Schlaf ist bei mir sogar sehr wichtig, auch wenn ich nicht wirklich gut schlafe und oft dabei Gedanken wälze, aber ich versuche zumindest meine sechs bis acht Stunden Nachtruhe zu bekommen.
Wie ich das alles unter meinen Hut bekomme? Reine Organisation. Ich bin ein sehr ordentlicher Mensch, was mir viel Zeit erspart. Okay, auf meinem Schreibtisch sieht es derzeit nicht sehr ordentlich aus, aber die diversen Stapel, die dort liegen, haben alle ihren Zweck und sind in sich sortiert.
Ich arbeite viel parallel, d.h. wenn mich jemand anruft, sitze ich dabei in den seltensten Fällen ruhig auf einem Stuhl. Meist laufe ich dabei herum und erledige etwas im Haushalt, was keine große Konzentration erfordert: Blumen gießen, Wäsche zusammenlegen etc. Manchmal lasse ich während des Telefonats auch die Rechtschreibprüfung beim aktuellen Werk durchlaufen. Und wenn ich koche, dann putze oder sauge ich nebenbei.
Ferner arbeite ich vormittags intensiv, nachmittags sind es dann eher solche Arbeiten, die ich auch schnell unterbrechen kann: Website aktualisieren, Recherchen, Interviews erarbeiten etc. Am Wochenende, sofern keine familiären Verpflichtungen anstehen, sitze ich dann wieder viel und lange am Rechner.
Das funktioniert natürlich alles nur mit einem Mann, der mich da voll und ganz unterstützt. Meine Kinder sind zwar sehr selbständig, aber natürlich bin ich nach wie vor ihr erster Ansprechpartner und unter der Woche immer für sie da, wenn sie mich brauchen. Das ist der Vorteil, wenn du zu Hause arbeitest. Für mich bedeutet das zwar, per Transmitter von Kindern, Haushalt, Alltag so schnell wie nur möglich zurück in eine Geschichte zu springen, aber das ließ sich erlernen. Außerdem wächst frau ja auch bekanntlich an ihrer Aufgabe – und das immer wieder gern und ausdauernd.
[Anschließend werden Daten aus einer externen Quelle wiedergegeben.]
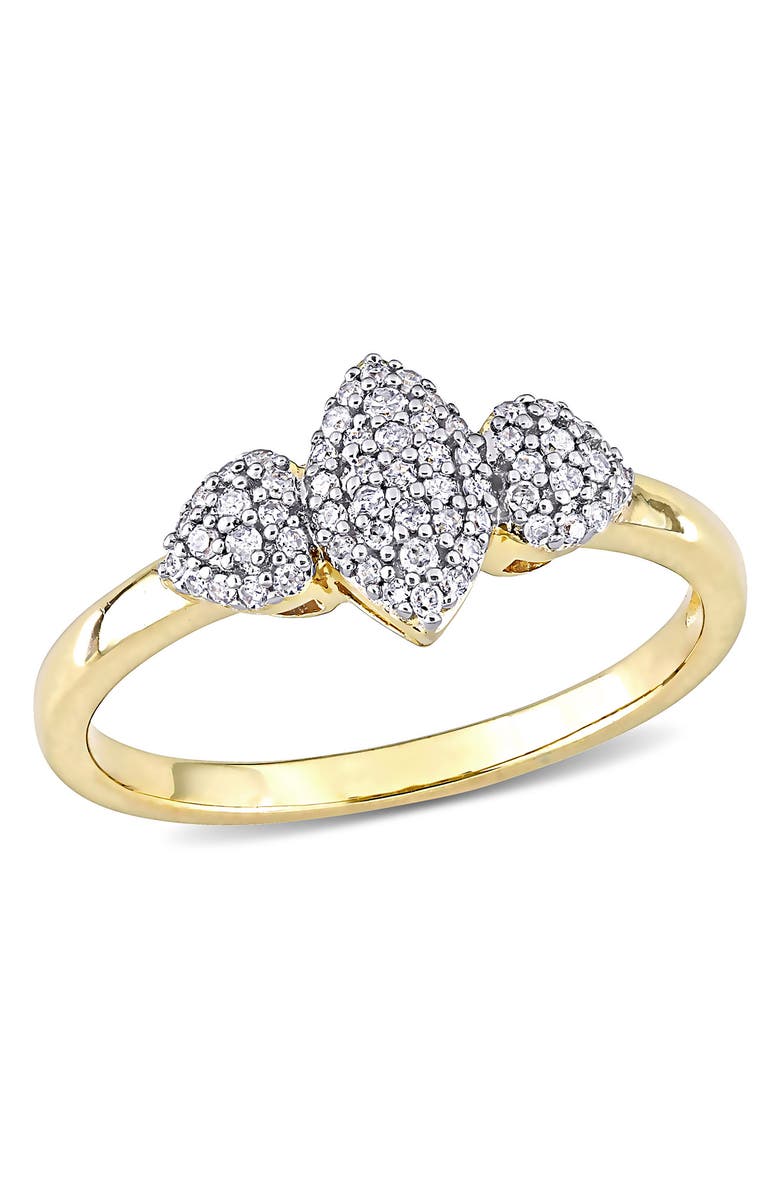 DELMAR Rhodium Plated Sterling Silver Pave Diamond Ring - 0.20 ctw, Main, color, Gold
Das hört sich nach virtuosem Multitasking an, nur ist das nicht ganz schön nervig? In der Weite des Alls kämpfst Du ums Überleben, das Raumschiff hat schwere Treffer abgekriegt, Dein Raumanzug klemmt … da klingelt die Nachbarin wegen einer Tasse Zucker. Oder brauchst Du das sogar zum Schreiben? Was sind oder wären für Dich ideale Arbeitsbedingungen?
Manchmal nervt es, natürlich – manchmal brauche ich es. Das ist von meiner persönlichen Tagesform abhängig, darum gibt es auch keine idealen Arbeitsbedingungen. Wenn ich ein wenig Unruhe oder Gesellschaft brauche, um zu schreiben und es ist niemand da, dann höre ich fetzige Musik dabei. Muss ich abschalten, weil mich das Chaos vor der Tür aus der Konzentration reißt, setze ich Kopfhörer auf und bevorzuge leise Töne. Ich schaffe mir meine idealen Arbeitsbedingungen, so wie ich diese zu dem Zeitpunkt benötige.